[RECORDS SHOWN]
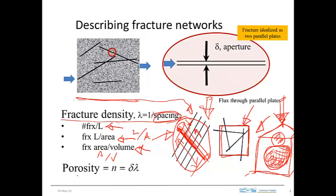Another useful quantity is the porosity of a fractured system. In crystalline rock, the porosity of the rock itself is very low, so the porosity contributed by fractures can be an important contribution — it could even dominate the total porosity of the rock. We can estimate the fracture porosity by taking the fracture aperture delta and multiplying it by the fracture density. That's an estimate of the porosity of the fractures in the rock.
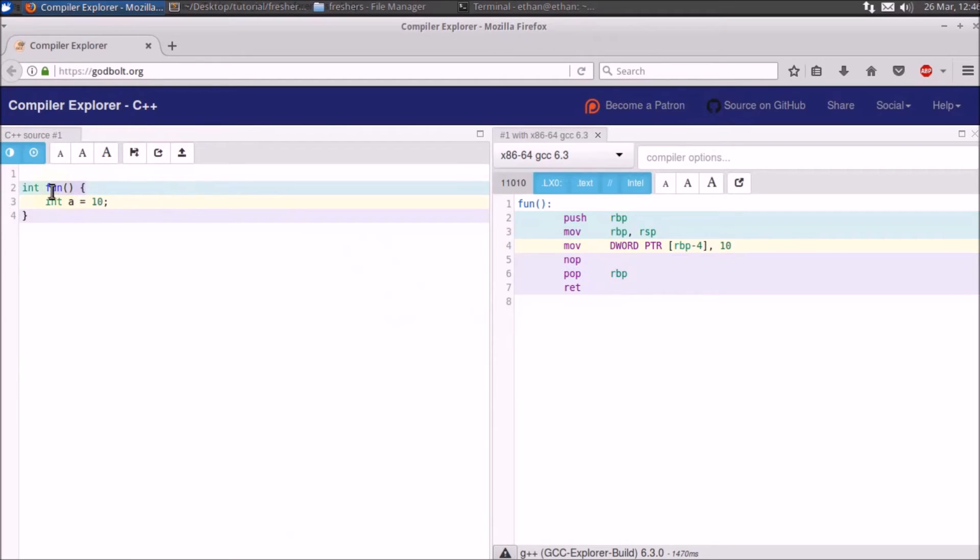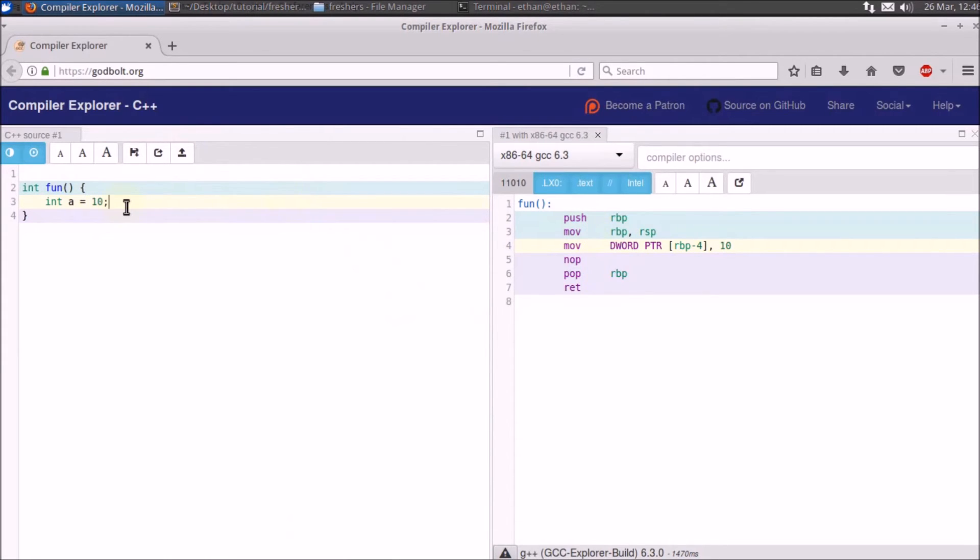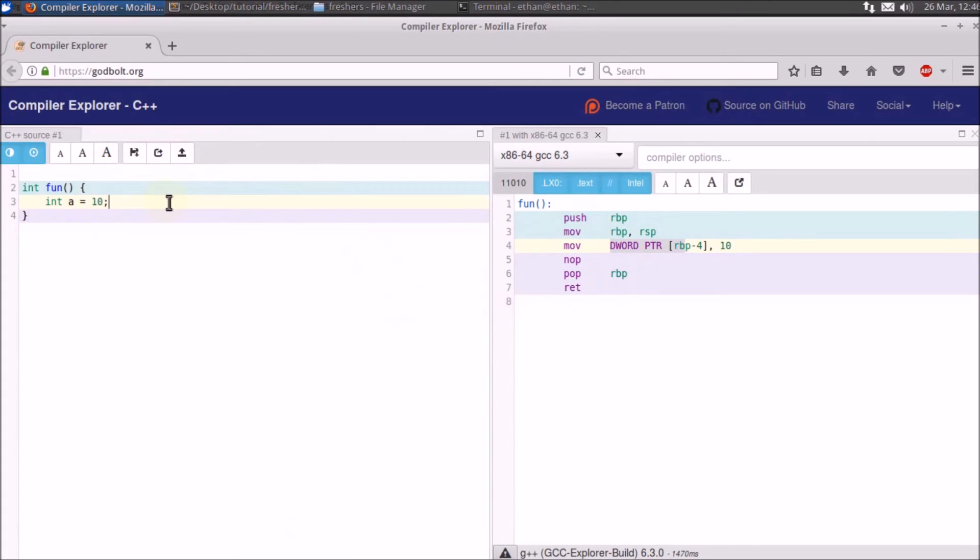this is a green color coming in the background, so this particular line is generating these two assembly codes. This middle one is generating only one line of assembly code, and this last bracket is generating these three assembly codes. So you can interpret which line is creating how many assembly instructions and you can decide whether you should use something over something.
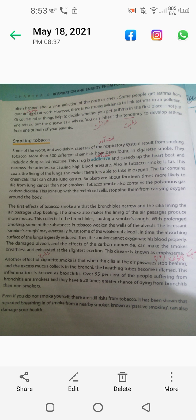The first effects of tobacco smoke are that the bronchioles narrow and the cilia lining the air passages stop beating. Smoke also makes the lining of the air passage produce more mucus, which collects in the bronchioles causing a smoker's cough.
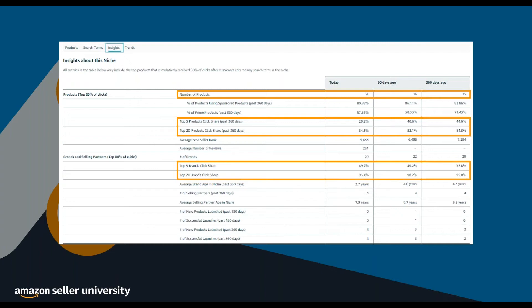Click share metrics can help you build a better overall understanding of a niche. For example, a niche with a high number of products and a high percentage of click share could indicate that a specific brand or product is dominating a space — in this case, there may not be customer demand for a new product, but there could be opportunity to add an offer to an existing listing. A low number of products with a low percentage of click share could indicate a niche with low competition and high demand, making it potentially a great option for launching a new product. You can also look out for niches with a low number of products and a high percentage of click share, which could indicate a specific brand or ASIN is dominating a space due to lack of competition and present an opportunity for a new product.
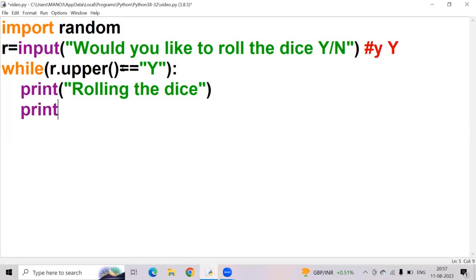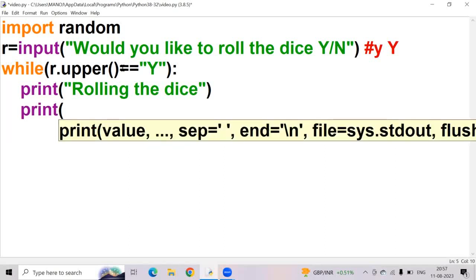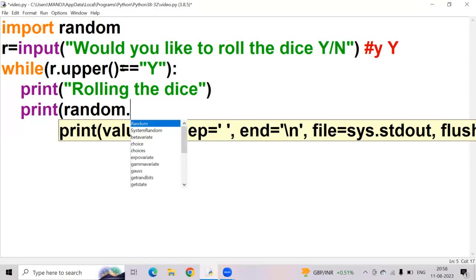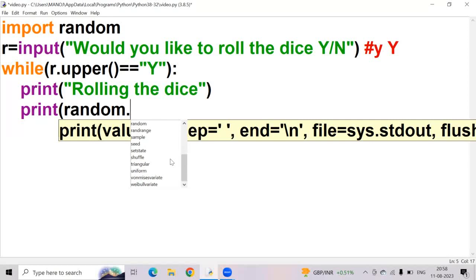I want to print a random number. So random is a module which is used to generate numbers randomly in Python. Inside the module we have a number of functions — such as random.random, random.system, random.choice, random.choices. We need to get a number between 1 and 6, so I am using random.randint.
[/RECORDS SHOWN]
▸ **EXERCISE BRIEF**:
Using the listing above, write out exactly the lines from the one that holds "Click share metrics" through the last line, both included, and omit pictures.

▸ **YOUR SOLUTION**:
Click share metrics can help you build a better overall understanding of a niche. For example, a niche with a high number of products and a high percentage of click share could indicate that a specific brand or product is dominating a space — in this case, there may not be customer demand for a new product, but there could be opportunity to add an offer to an existing listing. A low number of products with a low percentage of click share could indicate a niche with low competition and high demand, making it potentially a great option for launching a new product. You can also look out for niches with a low number of products and a high percentage of click share, which could indicate a specific brand or ASIN is dominating a space due to lack of competition and present an opportunity for a new product.
I want to print a random number. So random is a module which is used to generate numbers randomly in Python. Inside the module we have a number of functions — such as random.random, random.system, random.choice, random.choices. We need to get a number between 1 and 6, so I am using random.randint.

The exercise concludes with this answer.